Speaking of those films, The Arcanum includes a character class, aptly called the Beastmaster, directly modeled on Dar from The Beastmaster, and Tales from the Fallen Empire, a setting supplement for Dungeon Crawl Classics, includes a character class, called the Sentinel, modeled on Kain from The Warrior and the Sorceress. Those would seem to go along well with the Thief, modeled on the Grey Mouser, the Ranger, modeled on Strider/Aragorn, or even Unearthed Arcana's Barbarian, modeled on Conan the Cimmerian (though in my opinion that last was not very well done). For that matter, the Cleric owes much of its form to Peter Cushing as Van Helsing in the Hammer Studios Dracula films and perhaps Christopher Lee's character of Nicholas, Duc De Richleau in The Devil Rides Out (aka The Devil's Bride in the US release, because the studio worried that American audiences would mistake it for a Western). I wonder what other characters from fantasy fiction might deserve to have a character class modeled after them?

More later, I think.

Saturday, January 14, 2023

A Minor Point In The OGL Dustup

 I watched an interview with Ryan Dancey, architect of the Open Gaming License, in which he discussed what is copyrightable and what is not. His example, though, was the combat tables in AD&D (1st edition, naturally), which he claimed were not made according to a formula, but were instead adjusted by Gary Gygax manually according to "what looked good", and were therefore art and copyrightable. That, though, is not the case at all. All of the combat tables in AD&D (and the "alternative combat system" in the original D&D booklets) were simply a highly "at the table" usable expression of a fairly complicated, but still systematic, formula. This can be attested to by the existence of THAC0 ("To Hit Armor Class 0") in the listing of monsters in the 1st edition Dungeon Masters Guide. There was also an "AL", standing for "Attack Level", listed in the Monster & Treasure Assortment, Sets One-Three: Levels One-Nine, which is effectively a "To Hit Armor Class 9" (where Armor Class 9 represented an unarmored target) entry.
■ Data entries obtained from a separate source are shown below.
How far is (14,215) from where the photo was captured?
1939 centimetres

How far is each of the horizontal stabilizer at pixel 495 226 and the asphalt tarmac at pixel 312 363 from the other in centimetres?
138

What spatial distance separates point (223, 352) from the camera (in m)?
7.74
Dancey is simply confused by what he thinks his team was able to add to the D&D legacy in terms of rules systems.

Anyway, that's just a thing that I felt I had to get out there.
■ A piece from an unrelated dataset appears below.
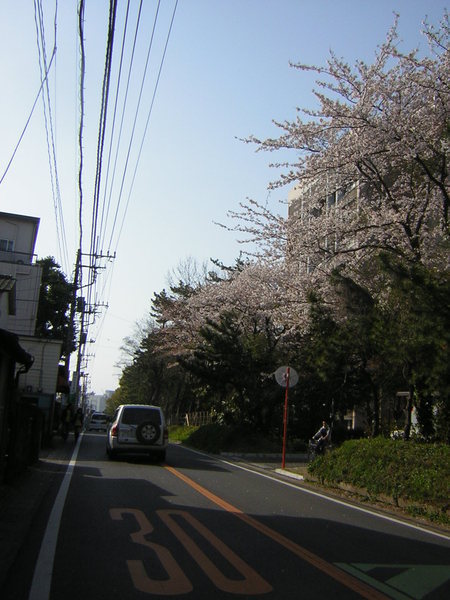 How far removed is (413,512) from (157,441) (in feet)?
31.1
Wednesday, August 11, 2021

Let's Talk About Game Design

 

A long-time project of mine has been to update the old RPG Fantasy Wargaming, a game which was never properly developed or even well-edited. Different authors had different chapters, and those portions of the game weren't very well integrated into a cohesive whole. In addition, the people involved had very little collective experience at game design, though of course some had more than others. Further, the game was based on very early designs like D&D and Tunnels & Trolls and so had few models to examine to provide the best ways of approaching different parts of the game.

Even with all of those flaws, though, some of the ideas incorporated into the game verged on brilliant. I still haven't seen religion, especially polytheistic religion, handled quite as well (I'm  not sure that there's any other game which included the idea of appealing to a Power to intervene on the appellant's behalf with another Power and make it meaningful), and magic drew on then-cutting-edge ideas current in the so-called "Chaos Magick" movement that was happening at the time in England. It wouldn't be until Mage: The Ascension was published a dozen years later that similar ideas would be seen again in game design.

As I sit down to turn my notes into a playable game, I find myself thinking about things that I haven't seen discussed in game design before. For example, I am thinking about the relationship of the player, the character, and the setting. Some games treat the character as a mere extension of the player's desires, allowing an absolute control and decoupling the character from any setting-based relationships. This is a reflection of the purely individualist conception of a person that prevails in a lot of Western cultural contexts, but most especially as a very American attitude toward the person. I want to encourage a more social understanding of the character within the setting, so I am looking to models like Pendragon and Lace & Steel to examine elements of a character that constrain the omnipotent control by a player over the character usually assumed in RPGs. Factors like emotions, attitudes, and so on should be included in the game I am conceiving. These ideas were included in a rough form in Fantasy Wargaming, of course, in the systems related to Temptations and the resisting thereof, in the Leadership and Social Class rules, and so on.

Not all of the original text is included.